** Exercise prompt **
The part below that opens with the line containing "45 Black Gin" and closes with the line containing "Mass air flow" should be copied exactly, minus any pictures.

** Data section **
>>>>
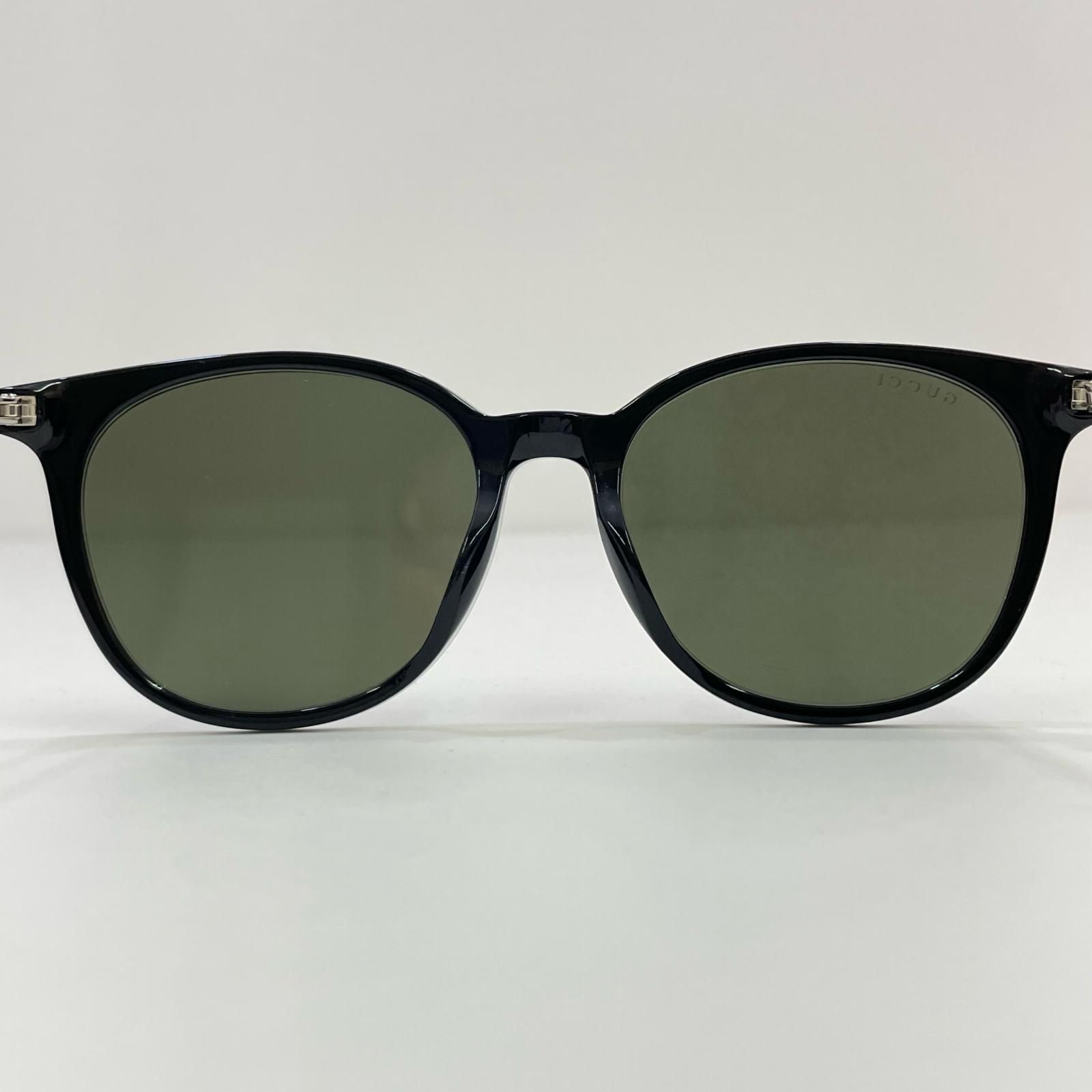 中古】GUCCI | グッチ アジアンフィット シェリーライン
<<<<
>>>>
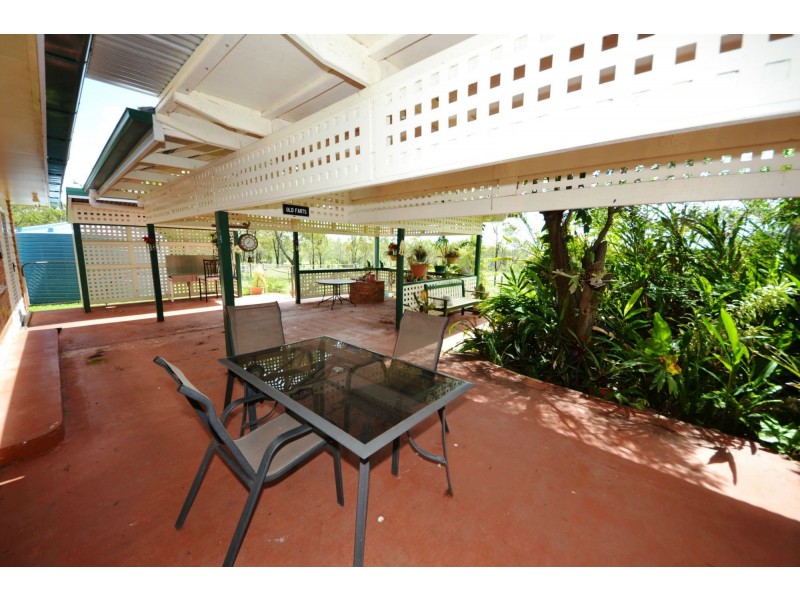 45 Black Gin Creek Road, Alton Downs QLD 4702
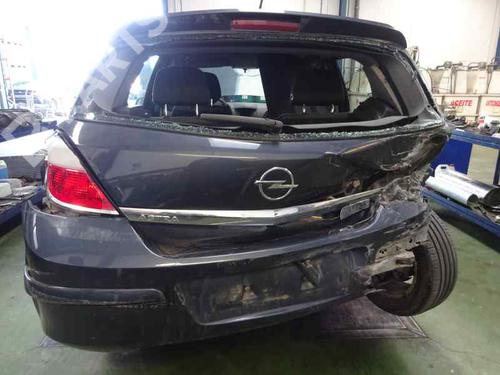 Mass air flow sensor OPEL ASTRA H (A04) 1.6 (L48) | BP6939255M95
<<<<
** Task solution **
 45 Black Gin Creek Road, Alton Downs QLD 4702
 Mass air flow sensor OPEL ASTRA H (A04) 1.6 (L48) | BP6939255M95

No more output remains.